A textile factory in Huaibei, Anhui province. China's Purchasing Managers' Index, an indicator of manufacturing activity, declined to 50.9 in June from 52 in May. [Photo / China Daily]
June PMI fell to 50.9, indicating a slowdown in national economy
BEIJING - China's manufacturing production fell to a 28-month low in June, indicating a sizeable slowdown in economic growth against a recent background of soaring inflation.
However, the inflationary pressure is likely to ease in the second half of the year, with both manufacturing input and output prices showing a slower rate of increase, according to a statement on the website of the China Federation of Logistics and Purchasing (CFLP).
The country's final official Purchasing Managers' Index (PMI), an indicator of manufacturing activity, declined to 50.9 in June from 52 in May, signaling a slower growth rate for the world's second-largest economy. The index was jointly released by the CFLP and the National Bureau of Statistics (NBS).
The June figure follows readings of 52.9 in April and 53.4 in March. A reading above 50 means an expansion in manufacturing activity, while one below 50 indicates a contraction.
A heated debate is emerging in Beijing about whether the current monetary policy is overly tight and damaging to the economy.
At a forum last weekend, Professor Li Yining of Peking University argued that stagflation is likely to develop if monetary policy is further tightened.
Qu Hongbin, chief economist for China and co-head of Asian Economic Research at HSBC Holdings PLC, said that "the slowdown implies that policy tightening is working, pointing to a peak in inflation in the coming months".
The final June PMI reading confirmed that both manufacturing activity and inflation are slowing, he said. HSBC had released a lower preliminary PMI figure of 50.1 about a week ago.
Qu predicted GDP of around 9 percent for the whole year, given the year-on-year industrial output growth of 12 percent.
Gao Ting, head of the Wealth Management Research Department of UBS Securities Co Ltd in China, said that reductions in exports and consumption have contributed to the slowdown during the past month, but fixed asset investment still increased at a rapid pace, supporting a moderate expansion of the economy.
"The nation's economy is not likely to face a hard landing, and the slow growth rate may stop soon," said Gao, who predicted full-year GDP growth of 9.3 percent.
China's economic development may maintain a slower pace in July and August, but expansion is expected to be stable in the fourth quarter of the year, given a gradual easing of inflationary pressure, according to the statement from the CFLP.

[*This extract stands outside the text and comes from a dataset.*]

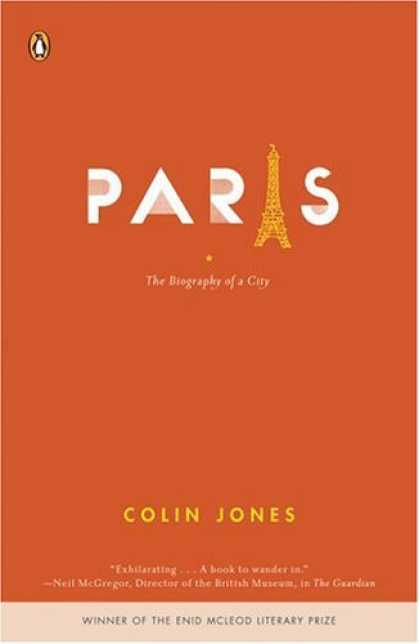 Greatest Book Covers - Paris : The Biography of a City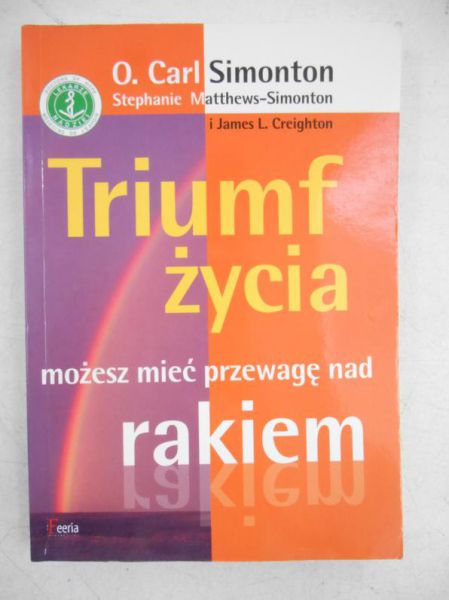 Triumf życia. Możesz mieć przewagę nad rakiem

A sub-index of manufacturing input prices has declined for four consecutive months to 56.7 in June, compared with 60.3 in May. That means that imported inflation, pushed higher by soaring global commodity prices, is easing, said the CFLP.
In addition, the PMI for the agricultural food-processing industry was 60.1 in June, 5.5 points higher than in May, indicating sufficient food supply in the market. Food prices are not likely to rise much higher in the future, despite floods in southern China, according to the CFLP.